**EXERCISE GOAL**:
Every record must be given again word for word; no picture belongs in the copy.

**INFORMATION SHOWN**:
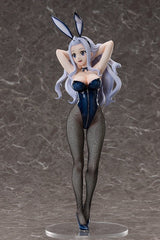 Fairy Tail PVC Figure 1/4 Mirajane Strauss Bunny Ver. 47 cm 4570001515125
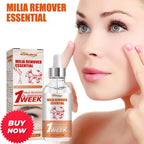 Eye Renewal Serum (30ml)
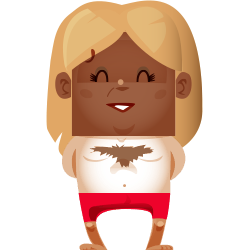 Avatar de moncheriejtm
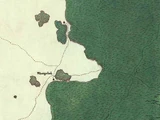 Girdle of Radagast
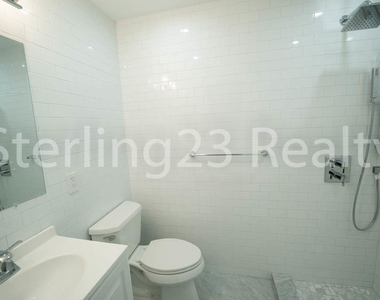 19-61 80th St, Astoria, Ny, 11370 - Photo Thumbnail 5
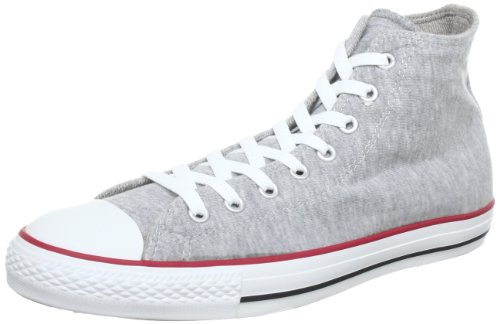 converse bleu lagon
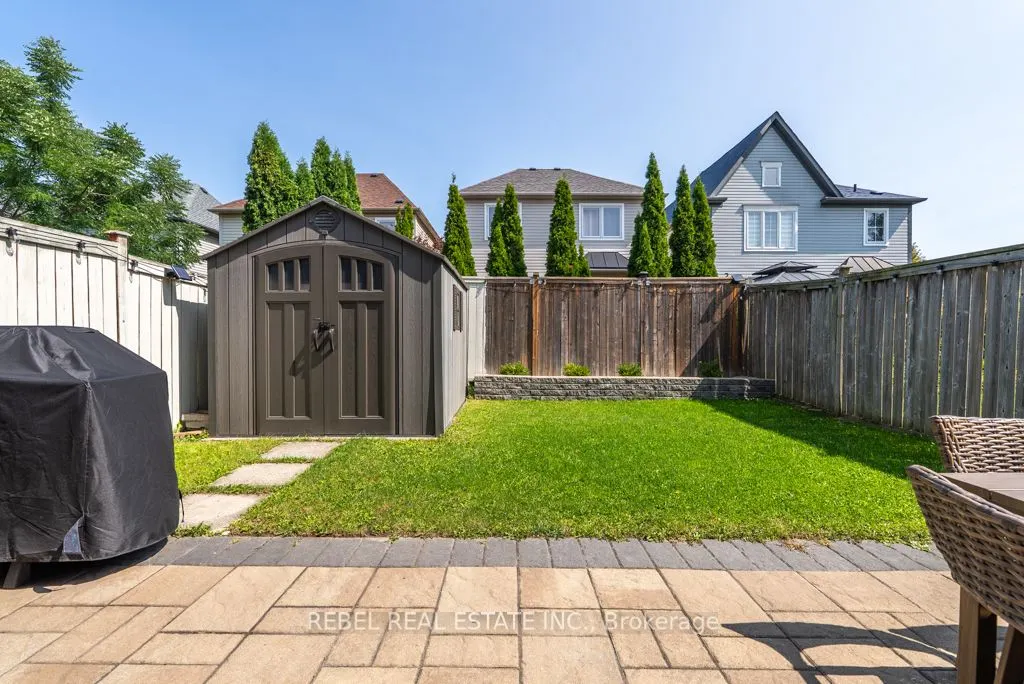 72 Tansley Crescent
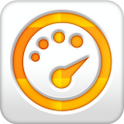 Norton Utilities &amp;amp; Task Killer أيقونة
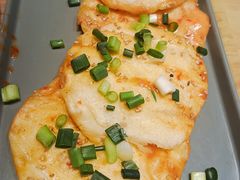 -街角等你.大连海鲜烧烤(西安路店)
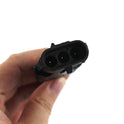 Shut Off Solenoid 3930234 for Cummins 6CT 8.3L Komatsu Excavator PC350-7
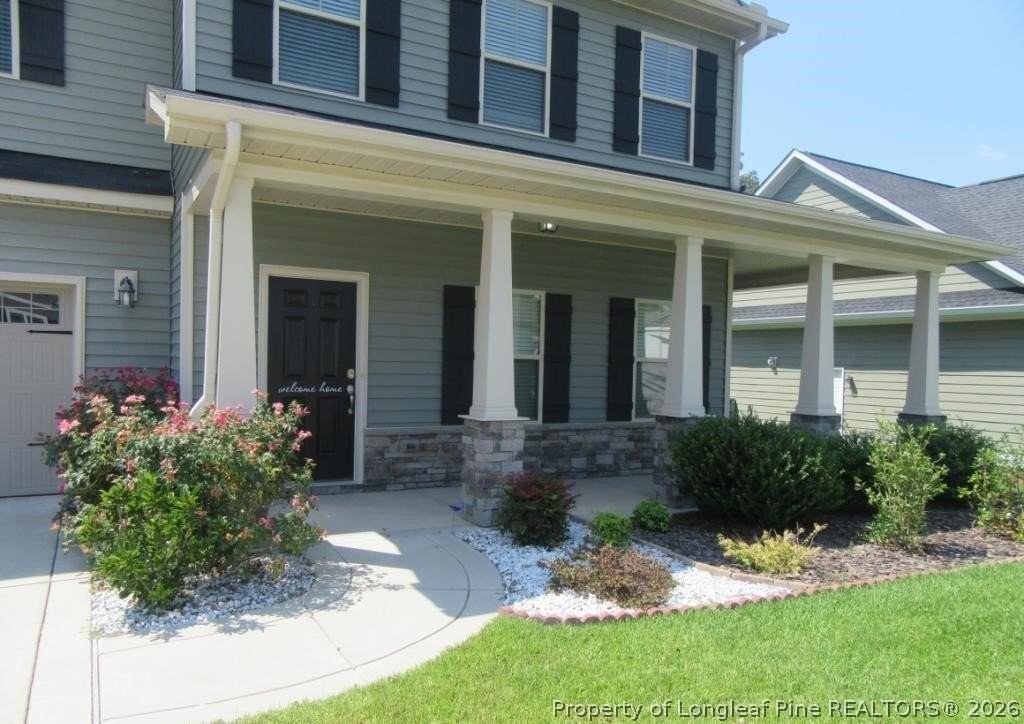5124 Perfection Ln - Photo 2 of 30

**SOLUTION FOR THIS EXERCISE**:
 Fairy Tail PVC Figure 1/4 Mirajane Strauss Bunny Ver. 47 cm 4570001515125
 Eye Renewal Serum (30ml)
 Avatar de moncheriejtm
 Girdle of Radagast
 19-61 80th St, Astoria, Ny, 11370 - Photo Thumbnail 5
 converse bleu lagon
 72 Tansley Crescent
 Norton Utilities &amp;amp; Task Killer أيقونة
 -街角等你.大连海鲜烧烤(西安路店)
 Shut Off Solenoid 3930234 for Cummins 6CT 8.3L Komatsu Excavator PC350-7
5124 Perfection Ln - Photo 2 of 30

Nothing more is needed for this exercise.